**Aim of the task:** Without any of its pictures, the listing below should be output exactly.

**Collected material:**
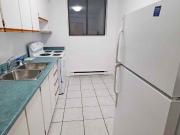 250 Ste Anne Road 2 Bedroom Apartment for Rent at 250...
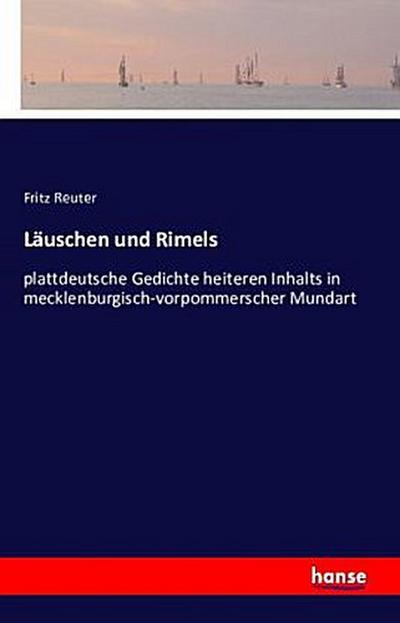Läuschen und Rimels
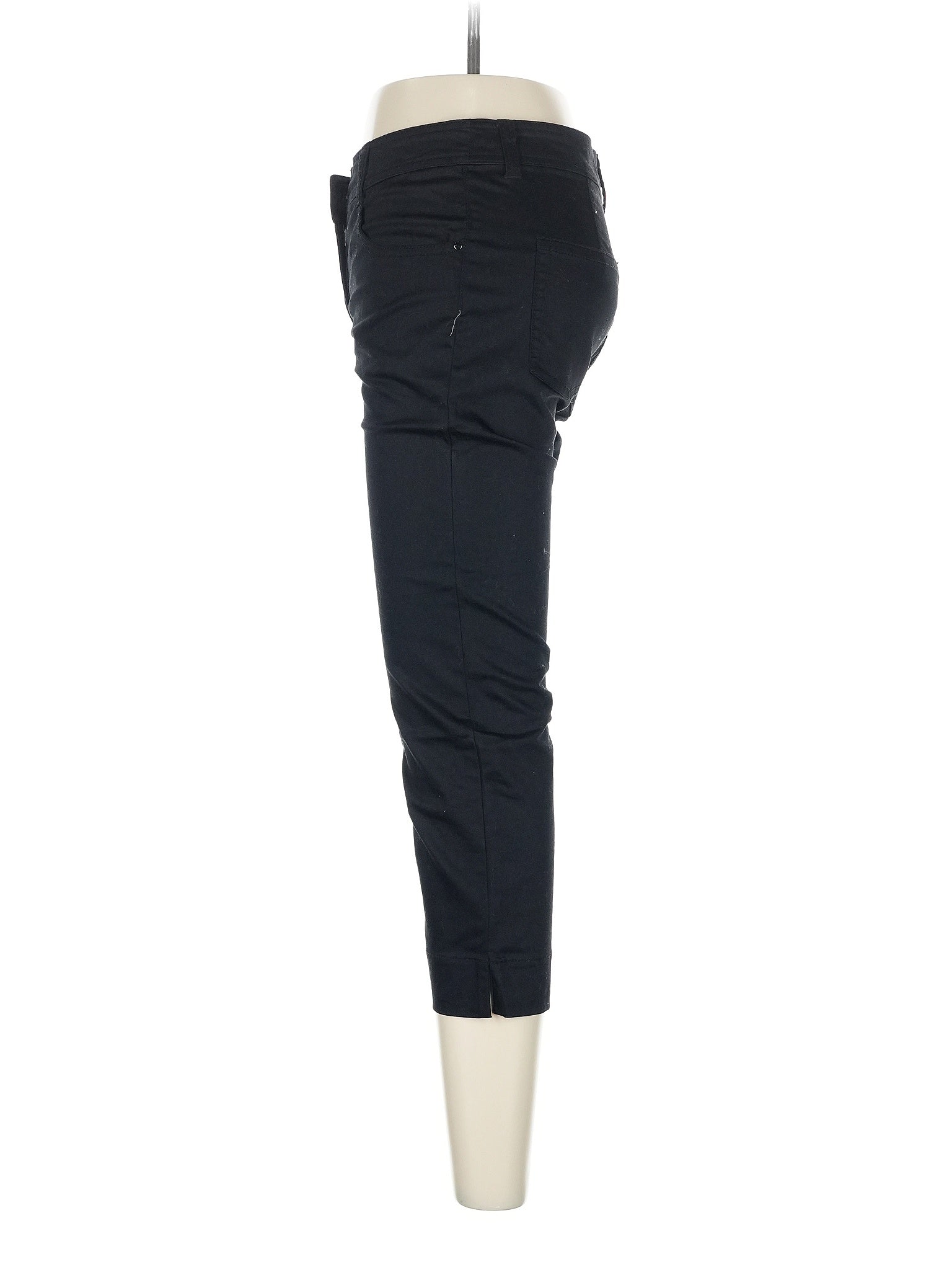 4 size - 6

**Final answer:**
 250 Ste Anne Road 2 Bedroom Apartment for Rent at 250...
Läuschen und Rimels
 4 size - 6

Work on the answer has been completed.